A Saturday panel of four conservative women featured a discussion of liberal feminism and how awful it supposedly is. That’s when Charen, one of the panelist, seized her opportunity:

“I’m going to twist this around a bit …. I’m disappointed in people on our side for being hypocrites about about sexual harassers and abusers of women who are in our party, who are sitting in the White House, who brag about their extra-marital affairs, who brag about mistreating women. And because he happens to have an ‘R’ after his name, we look the other way – we don’t complain. This is a party that was ready to endorse Roy Moore for the Senate in the state of Alabama even though he was a credibly accused child molester. You cannot claim that you stand for women and put up with that.”

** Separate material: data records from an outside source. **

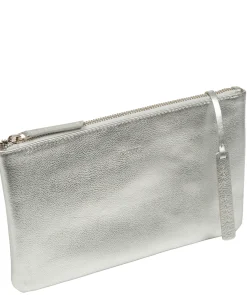 Emalia' Metallic Silver Leather Clutch Bag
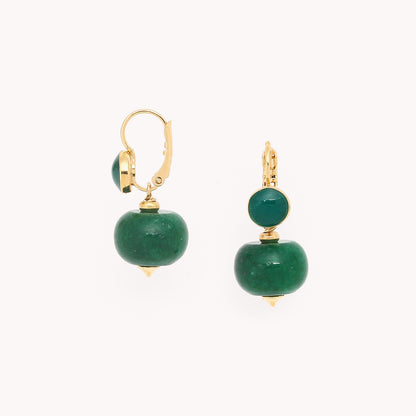 Nature Bijoux Pebbles oorbellen jade groen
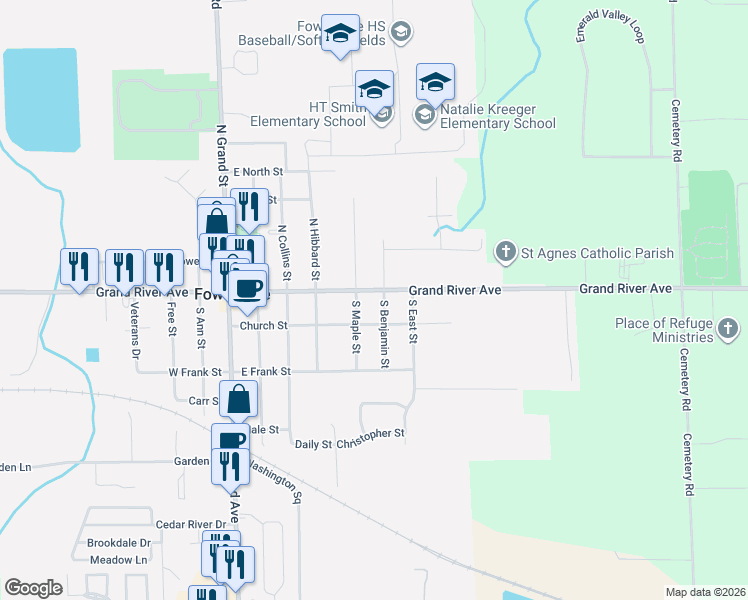 map of restaurants, bars, coffee shops, grocery stores, and more near 113 South Maple Street in Fowlerville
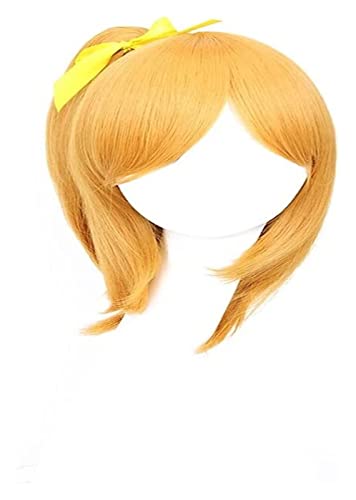 WELLHY Anime Cosplay Perücke LoveLive Perücke Gelb Kurze Pferdeschwanz Perücke for Honoka Kousaka Rollenspiel Perücken mit Perückenkappe for Party Täglich Halloween Coser Perücke von WELLHY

Whoa, sister! No way you can talk truth to a crowd of  hypocritical Trumpers and expect to get away with it. And she didn’t. She was booed. Fake-news hecklers yelled that her critique was “Not true! Not true!” Others yelled that she was attacking the good guys (Trump and anyone allied with Trump) and excusing the bad guys (everyone not allied with Trump). That’s when she decided to double down:

“Speaking of bad guys, there was quite an interesting person who was on this stage the other day. Her name is Marion Le Pen. Now, why was she here? Why was she here? She’s a young, no-longer-in-office politician from France. I think the only reason she was here is because she’s named Le Pen. And the Le Pen name is a disgrace. Her grandfather is a racist and a Nazi. She claims that she stands for him. And the fact that CPAC invited her is a disgrace.”

Charen isn’t the only prominent conservative who feels this way, of course. Commentator Matt Lewis wrote the other day that CPAC “apparently searched the four corners of the globe to assemble a ‘legion of doom’-style roster, a collection of some of the worst ‘conservative’ supervillains who generally share a populist, ethno-nationalist brand of politics (and some, I assume, are good people). Of course, it’s not just Le Pen. The lineup is a veritable murderer’s row of nationalists.”

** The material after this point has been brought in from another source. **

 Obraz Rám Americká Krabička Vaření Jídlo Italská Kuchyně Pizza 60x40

Richard Brookheiser, the longtime conservative author, is amazed that so many on the right have surrendered to Trump, how they “salute the bone-spurred draft-dodger whose Khe Sanh was not catching the clap.”

But Lewis and other sane voices were not in the CPAC lineup. Charen was the token voice, and, as her reward for daring to dissent, the taunters yelled: “You’re a disgrace!”

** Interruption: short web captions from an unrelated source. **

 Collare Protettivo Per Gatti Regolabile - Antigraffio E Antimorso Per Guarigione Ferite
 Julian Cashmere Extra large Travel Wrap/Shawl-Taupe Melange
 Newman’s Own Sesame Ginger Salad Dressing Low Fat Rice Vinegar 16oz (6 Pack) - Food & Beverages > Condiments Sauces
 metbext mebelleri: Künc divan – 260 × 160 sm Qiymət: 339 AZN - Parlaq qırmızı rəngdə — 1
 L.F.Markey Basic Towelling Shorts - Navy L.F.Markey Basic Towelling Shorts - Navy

That was fine with her. Somebody had to say something about the speedy Trumpification of the movement, about the rampant epidemic of conspiracy-laced paranoia, the lockstep tribalism and the assault on empirical facts. As Charen later remarked, “I spoke to a hostile audience for the sake of every person who has watched this spectacle of mendacity in disbelief and misery for the past two years.”

Conservatives who stand with Charen feel powerless to stop the spectacle. Two years ago, candidate Trump skipped the CPAC event, fearing a hostile audience; last Friday, he triumphantly blathered on stage for more than an hour. As Max Boot — an aggrieved conservative like Charen, a foreign policy adviser to three Republican campaigns — wrote yesterday, “Principled conservatism continues to exist, primarily at small journals of opinion, but it’s increasingly disconnected from the stuff that thrills the masses …. The dumber and more offensive, the better.”

There’s only one way the Charens and Boots can wrest the conservative movement away from the primal demagogues. They have to hope that voters infused with common sense will surge to the polls and sweep the Republicans from power, starting with the midterm elections. Short of that, nothing will snuff the burgeoning threat to democracy itself.